The Correction: Entry 06 – I am the architect of the biggest void in my life.
The Correction: Entry 06 (v2)
Ricardo called me out after he heard the first episode of the podcast. I’ve been paying attention differently since.
It was raining in Nairobi.
My friend was leaving my house to run some errands. He’s a biker so I assumed he was heading out on his bike.
“You forgot to bring your rain gear,” I said. He’d already called an Uber.
I didn’t notice in the moment. I noticed later, when he came back dry, and the sentence I’d said landed differently in my head. I hadn’t answered a question. I hadn’t even responded to a situation. I’d invented the situation. Constructed a small problem so I could be the one who saw it first.
That’s a quieter version of the pattern than I’d been writing about. Not utility offered. Utility manufactured.

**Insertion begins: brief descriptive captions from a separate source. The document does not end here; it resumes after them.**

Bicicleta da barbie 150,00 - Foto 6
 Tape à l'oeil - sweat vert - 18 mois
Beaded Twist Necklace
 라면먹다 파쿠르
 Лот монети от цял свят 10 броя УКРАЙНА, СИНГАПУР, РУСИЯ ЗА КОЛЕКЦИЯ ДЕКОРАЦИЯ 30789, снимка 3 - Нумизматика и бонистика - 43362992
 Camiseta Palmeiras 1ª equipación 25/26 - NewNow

Later that day we talked about it. He’s one of my closest friends. We’ve known each other a long time. We are very different — he is more considered than I am, less forthcoming, quieter. Beneath the quiet is a sharp mind, and when he speaks he tends to have already thought it through.
He said something I haven’t stopped thinking about.
He said he’d learnt to communicate using questions. So the other person has a say.
He gave me the example back. You said you’d forgotten your rain gear. You could have asked — hey, how will you cope on your bike now that it’s raining? One phrase represents control. The other is collaborative.
He didn’t say it as a correction. He said it the way he says most things — humbly, almost in passing. As if it were just a thing he had figured out for himself and was leaving in the room in case anyone else needed it.
I needed it.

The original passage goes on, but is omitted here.